The estimation of hydrological behaviour using physiographic and climatological catchment attributes has been widely addressed in the literature. Early work used multiple regression to link peak flows to rainfall and topographic factors and to estimate unit hydrograph parameters (Nash, 1960). The multiple regression technique has been widely developed and applied by Heerdegen and Reich (1974)in the USA, Waylen and Woo (1984)in Canada, Ando (1990)in Japan, Mimikou and Gordios (1989)in Greece, Reimers (1990)in Brazil, Nathan and McMahon (1992)in Australia and NERC (1975)in a UK context. Many of these studies aim to estimate event characteristics. Of these, most focus on flood indices such as mean annual flood (Acreman, 1985; Mimikou and Gordios, 1989) or on flood frequency (Burn, 1990; Zrinji and Burn, 1994). Other event and index based studies look at low flows (Nathan and McMahon, 1990, Nathan and McMahon, 1992) and mean annual runoff (Reimers, 1990). A second group of studies estimates unit hydrograph characteristics (Burn and Boorman, 1992; Singh, 1990; NERC, 1975; Heerdegen and Reich, 1974) with a view to reconstruction of flow records. The regression technique has also been used by Nathan and McMahon (1992)and Burn and Boorman (1992)to estimate yield, and by Corderey and Pilgrim (1983)who found a lack of dependence of water loss on physiographic characteristics in humid zones.

In many such studies, catchments are grouped to improve the fit of observed data to the regression model. Originally subregions were delineated geographically (NERC, 1975), before cluster analysis was applied (Tasker, 1982; Acreman and Sinclair, 1986). Burn (1990)appraised the `region of influence' approach, used later by Zrinji and Burn (1994), and various methods for defining homogeneous subregions were discussed by Nathan and McMahon (1990). Alternatives to regression equations for transferring parameters between catchments within a region or subregion have been applied by Vandewiele and Elias (1995), who compared kriging and proximity, and by Burn and Boorman (1992), who explore proximity and regression techniques. In an application by Acreman and Sinclair (1986)no transfer was necessary since the object, the flood frequency distribution, was found to be homogeneous in four out of the five regions.
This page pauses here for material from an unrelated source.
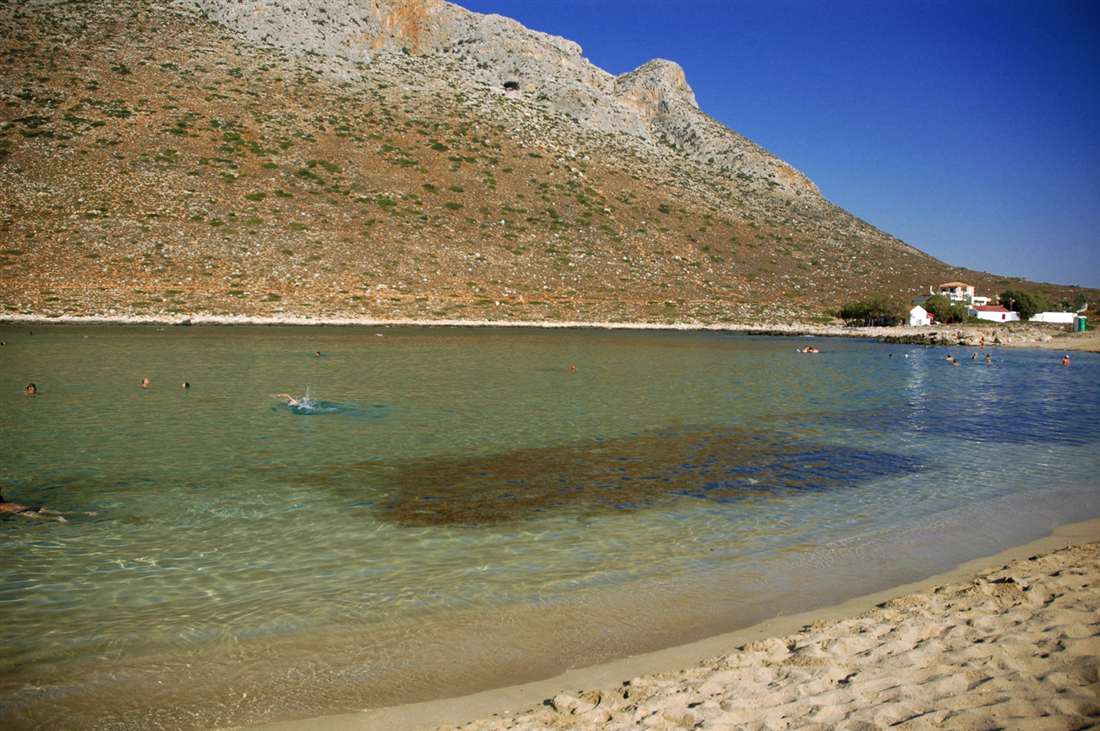 The round sheltered bay of Stavros beach under its bare mountain, the Zorba the Greek location near Chania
More recently, focus has been on estimation of water balance model parameters aimed at simulation of continuous records. Bergmann et al. (1990)presented a distributed model describing the interaction between flood hydrographs and basin parameters. Combining loss estimates with modelling in a physically-based stochastic monthly water balance model, Vandewiele and Elias (1995)simulated monthly time series. A next step is the estimation of daily hydrological model parameters, a task begun by Sefton et al. (1995)and Post and Jakeman (1996)with the potential for reconstruction of daily flow records. The application presented is therefore a harsh test for the methodology; the estimation of daily flows for ungauged catchments within a large region, England and Wales, without division into subregions.

Discussion of uncertainties in this type of procedure has covered those which arise in the inputs (Eagleson and Qinliang, 1987; Xu and Vandewiele, 1994) and those in the estimation of parameters (Kuczera, 1983); the latter were demonstrated by Gan et al. (1990)in the impact on catchment storage. In this study, the effect of parameter uncertainty on streamflow is investigated and used to evaluate the flow record reconstruction and to interpret a simple land-use scenario.